Die One-Class Support Vector Maschine (OCSVM) is a specialized variant of the Support Vector Machine (SVM) algorithm, primarily used for Anomalieerkennung and classification tasks where only one class of data is available. Unlike traditional SVMs, which seek to find a hyperplane separating two classes, OCSVM focuses on modeling the characteristics of a single class. This makes it particularly useful in scenarios where the distribution of normal data is well-defined, but anomalous or outlier data is rare or difficult to gather.
OCSVM operates by mapping the input data into a high-dimensional feature space using a kernel function.

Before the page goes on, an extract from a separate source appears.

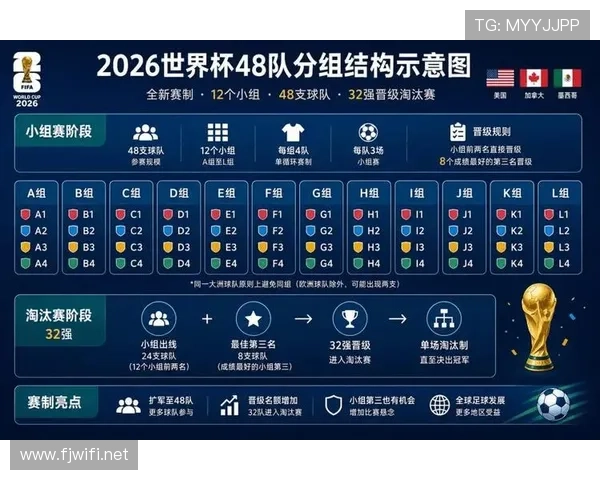2026世界杯G组专题:赛程、积分榜、出线预测全解析 2026世界杯G组专题:赛程、积分榜、出线预测全解析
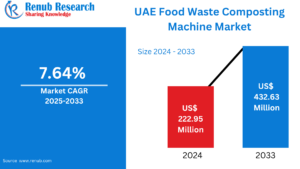 UAE Food Waste Composting Machine Market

In this space, it constructs a Entscheidungsgrenze that encompasses the majority of the data points from the target class, effectively creating a boundary around the normal instances. Any new data point that falls outside this established boundary is classified as an anomaly or outlier. This approach is particularly beneficial in applications such as fraud detection, network security, and fault detection, where the normal behavior is known, but deviations from this norm are of interest.
One of the key advantages of OCSVM is its ability to handle high-dimensional data effectively, making it suitable for complex datasets commonly encountered in fields such as finance, healthcare, and industrial monitoring. However, the performance of OCSVM can be sensitive to the choice of parameters, including the kernel type and the regularization Parameter, die eine sorgfältige Abstimmung für optimale Ergebnisse erfordern.